## YOUR ASSIGNMENT
Every picture is to be removed, and all the data is to be copied exactly.

Brief descriptive captions

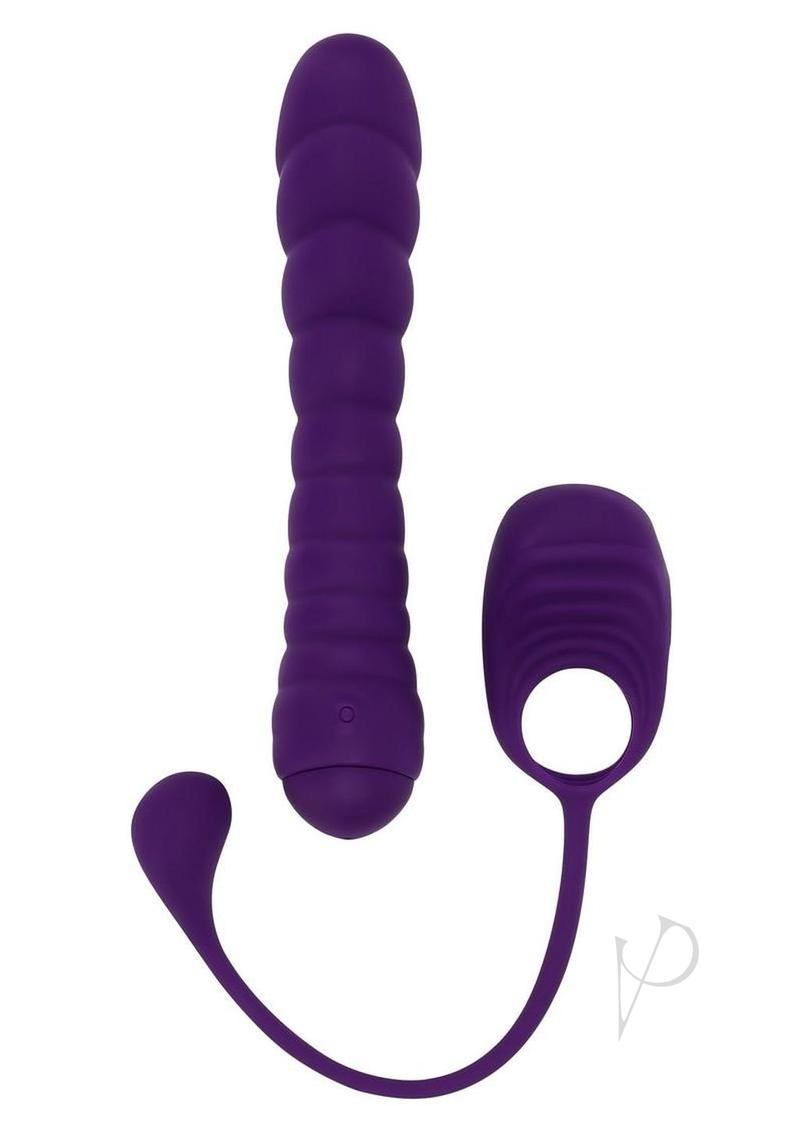 Playboy Twisted Playground Rechargeable Silicone Dual Vibrator with Detachable C-Ring Anal Tail - Purple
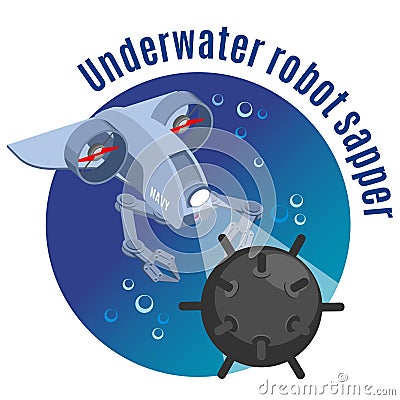 Underwater Robot Sapper Round Background Vector Illustration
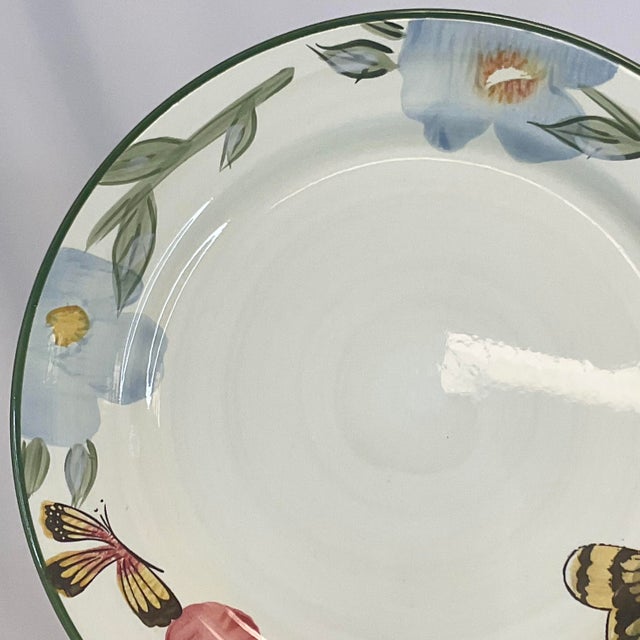 Ceramic Vintage Arts & Crafts Boho Chic Botanical and Butterfly Dinner Plates - Set of 8 For Sale - Image 7 of 8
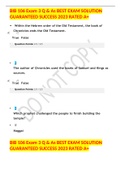 BIB 106 Exam 3 Q & As BEST EXAM SOLUTION GUARANTEED SUCCESS 2023 RATED A+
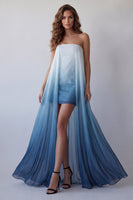 Load image into Gallery viewer, Strapless Lake Blue Tie Dye Beach Formal Dress with Cape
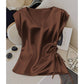 Women's Solid Color Silky V-Neck Tank Top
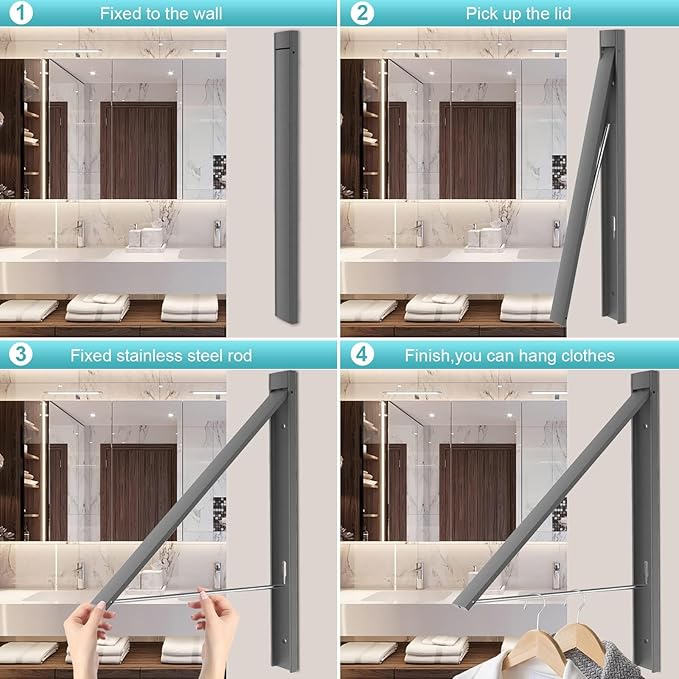Wall Mounted Clothes Drying Rack - Foldable Space Saving Design, No Drill Installation, 65lb Heavy Duty Capacity, Rust-Proof Aluminum Alloy for Laundry Room (Gray)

## SOLUTION
 Playboy Twisted Playground Rechargeable Silicone Dual Vibrator with Detachable C-Ring Anal Tail - Purple
 Underwater Robot Sapper Round Background Vector Illustration
 Ceramic Vintage Arts & Crafts Boho Chic Botanical and Butterfly Dinner Plates - Set of 8 For Sale - Image 7 of 8
 BIB 106 Exam 3 Q & As BEST EXAM SOLUTION GUARANTEED SUCCESS 2023 RATED A+
 Load image into Gallery viewer, Strapless Lake Blue Tie Dye Beach Formal Dress with Cape
 Women's Solid Color Silky V-Neck Tank Top
Wall Mounted Clothes Drying Rack - Foldable Space Saving Design, No Drill Installation, 65lb Heavy Duty Capacity, Rust-Proof Aluminum Alloy for Laundry Room (Gray)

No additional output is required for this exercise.